Llegado al poder, Castro aplicó el manual progresista al uso en aquella época: reforma agraria, expropiaciones, exportación de la revolución. Ernesto Che Guevara -del que luego Castro prescindió- completaba el escenario. Un escenario, por cierto, que generaría contrarrevoluciones derechistas en varios países latinoamericanos.

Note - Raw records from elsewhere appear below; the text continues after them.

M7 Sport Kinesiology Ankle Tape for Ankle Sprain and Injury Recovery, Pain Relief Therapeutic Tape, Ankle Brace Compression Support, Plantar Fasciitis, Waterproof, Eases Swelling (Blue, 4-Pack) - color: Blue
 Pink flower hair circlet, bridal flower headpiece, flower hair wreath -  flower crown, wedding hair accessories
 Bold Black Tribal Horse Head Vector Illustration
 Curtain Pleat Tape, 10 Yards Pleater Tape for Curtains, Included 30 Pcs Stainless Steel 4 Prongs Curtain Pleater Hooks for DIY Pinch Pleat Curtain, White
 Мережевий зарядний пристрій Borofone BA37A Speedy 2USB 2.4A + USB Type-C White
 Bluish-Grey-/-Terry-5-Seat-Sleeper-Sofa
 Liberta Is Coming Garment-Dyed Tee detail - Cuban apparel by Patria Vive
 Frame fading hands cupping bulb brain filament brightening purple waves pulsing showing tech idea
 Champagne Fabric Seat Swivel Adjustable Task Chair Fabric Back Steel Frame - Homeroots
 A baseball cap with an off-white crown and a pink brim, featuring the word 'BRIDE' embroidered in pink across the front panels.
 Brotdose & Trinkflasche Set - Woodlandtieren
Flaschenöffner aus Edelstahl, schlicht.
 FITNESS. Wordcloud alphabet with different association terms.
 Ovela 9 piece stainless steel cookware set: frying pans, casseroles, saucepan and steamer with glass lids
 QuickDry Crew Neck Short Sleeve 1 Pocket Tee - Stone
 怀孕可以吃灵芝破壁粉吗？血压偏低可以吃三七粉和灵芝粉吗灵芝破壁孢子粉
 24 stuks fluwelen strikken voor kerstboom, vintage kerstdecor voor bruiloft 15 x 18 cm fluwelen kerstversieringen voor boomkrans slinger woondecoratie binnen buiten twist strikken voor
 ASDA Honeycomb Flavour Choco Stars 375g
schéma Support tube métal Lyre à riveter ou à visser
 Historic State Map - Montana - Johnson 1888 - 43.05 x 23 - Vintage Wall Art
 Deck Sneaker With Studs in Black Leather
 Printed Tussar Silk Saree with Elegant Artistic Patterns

En 1962 el régimen de Castro era expulsado de la Organización de Estados Americanos y empezaba a alinearse cada vez más con el bloque soviético, que, aunque en aquel momento pasaba por el espejismo de su ventaja en la carrera espacial, no podía servirle a la economía cubana para un encaje correcto: aquel no era su entorno "natural". Al mismo tiempo, los norteamericanos iban estrechando su cerco sobre Cuba para contentar el vocerío de los cubanos de Miami.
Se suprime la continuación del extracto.